» **Try it**
Give again, character for character, the lines that lie between the first line of the material and the line with "Dahlia flower stud", inclusive. Omit pictures.

#####

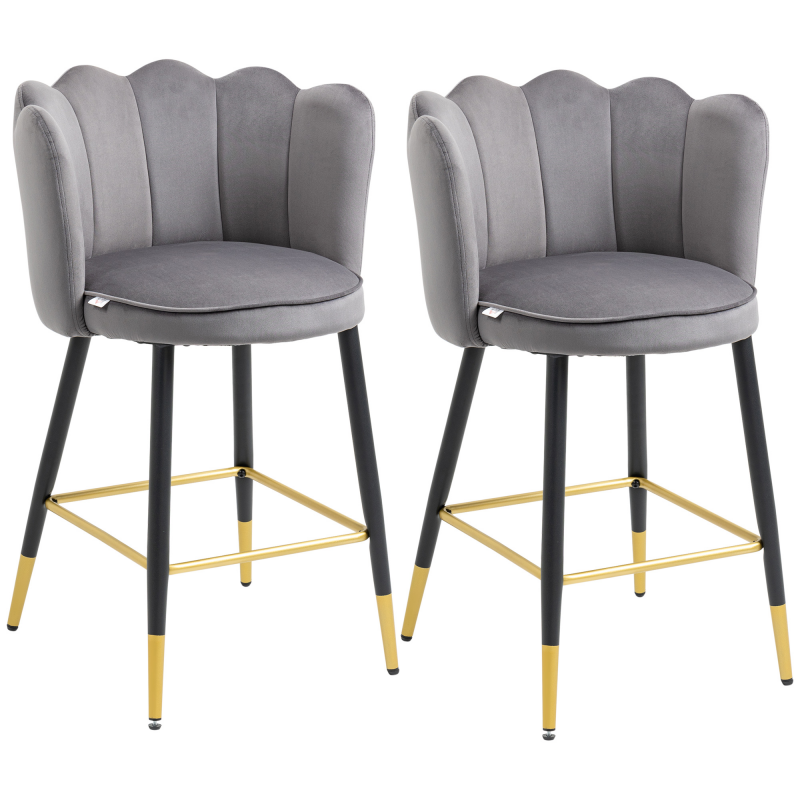 HOMCOM Set mit 2 Samt Barhockern mit Fußstütze und Stahlbasis, 59x52x90cm, Grau Aosom – Bild 1 von 2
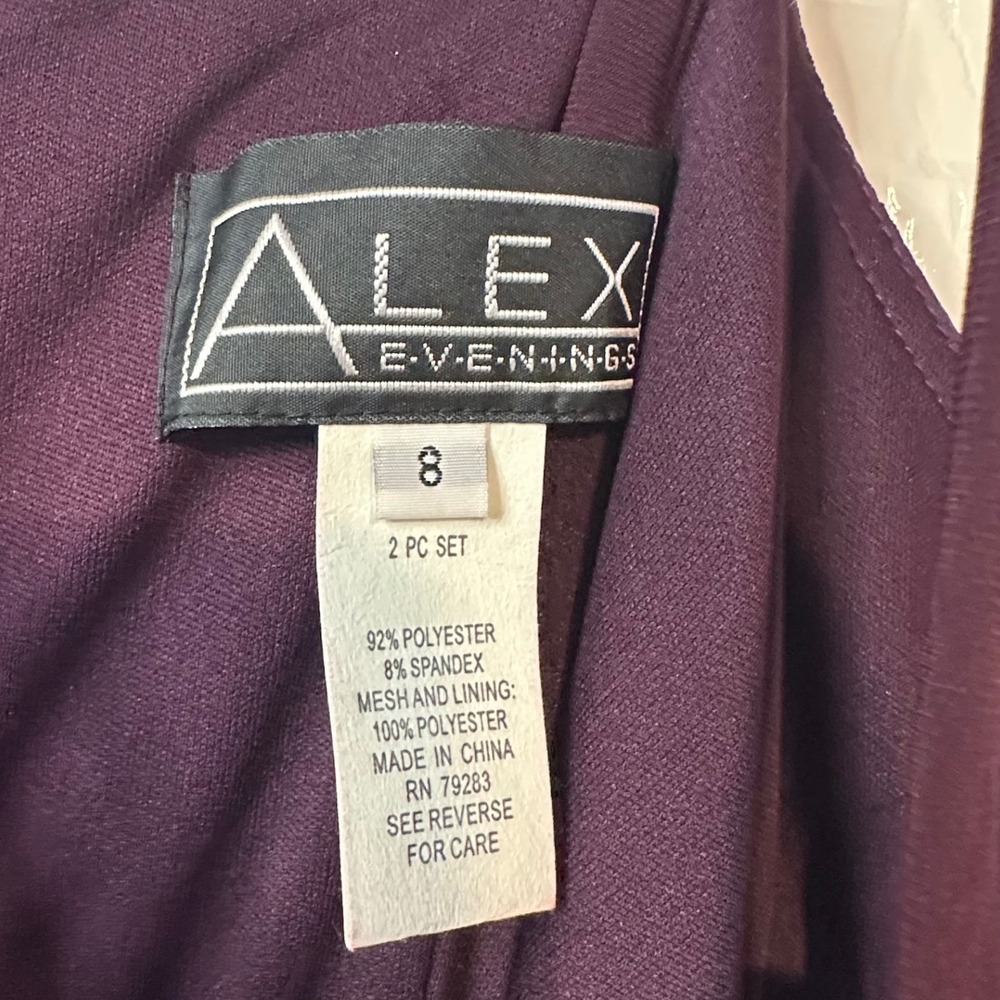 Alex Evenings Tiered Ruffle Evening Maxi Dress Size 8 Purple Bridesmaid Formal - Picture 5 of 12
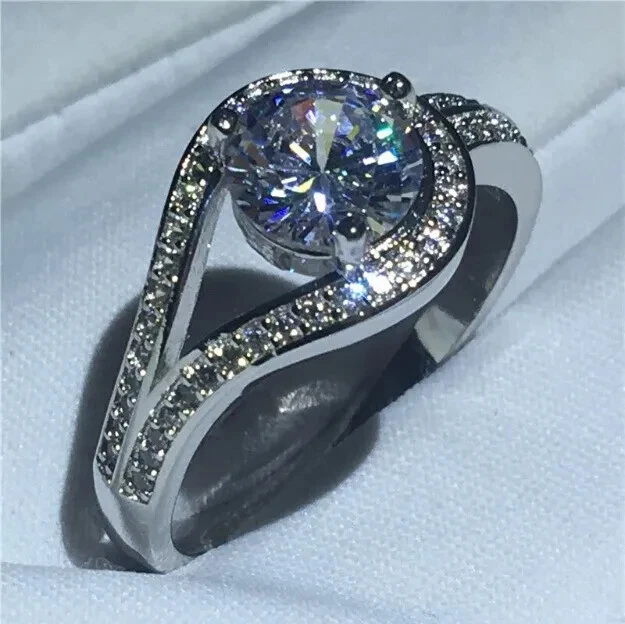 2Ct Round Cut Lab Created Diamond Women's Ring Silver 14k White Gold Finish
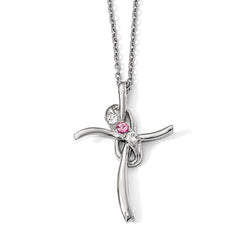 10k White Gold Survivor Clear/Pink Swarovski Topaz Grace Cross Necklace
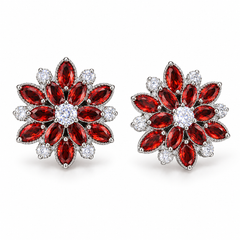 Dahlia flower stud earring pair in Scarlet, showing the layered marquise petals and round clear centre.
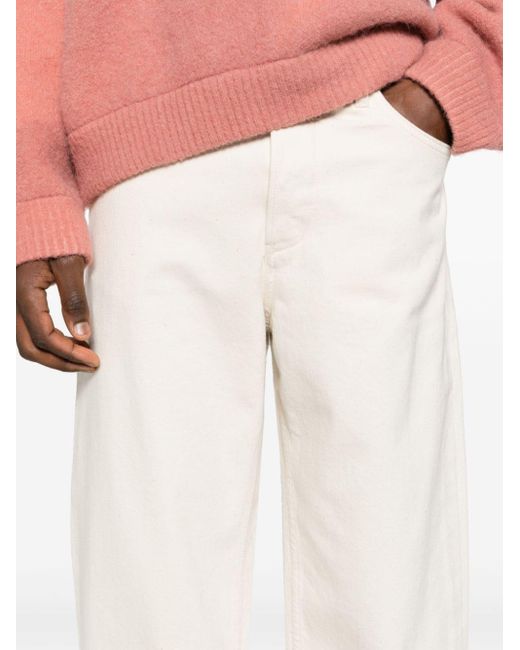Jil Sander White Regular-Fit Japanese Denim Trousers for men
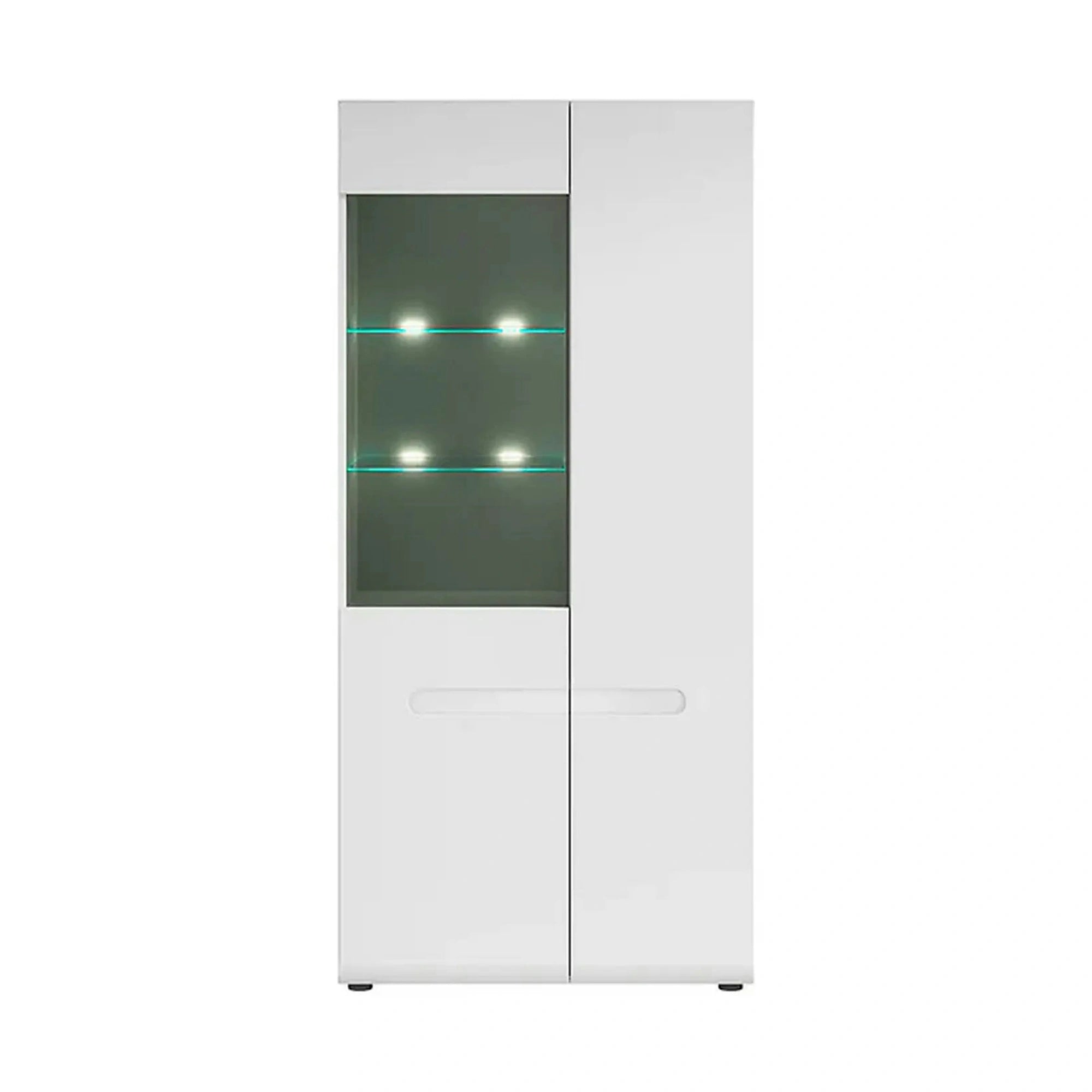 Vitrina AZTECA TRIO, alb, PAL/sticla, cu iluminare LED, 90x41x193 cm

#####

» **Output for this exercise**
 HOMCOM Set mit 2 Samt Barhockern mit Fußstütze und Stahlbasis, 59x52x90cm, Grau Aosom – Bild 1 von 2
 Alex Evenings Tiered Ruffle Evening Maxi Dress Size 8 Purple Bridesmaid Formal - Picture 5 of 12
 2Ct Round Cut Lab Created Diamond Women's Ring Silver 14k White Gold Finish
 10k White Gold Survivor Clear/Pink Swarovski Topaz Grace Cross Necklace
 Dahlia flower stud earring pair in Scarlet, showing the layered marquise petals and round clear centre.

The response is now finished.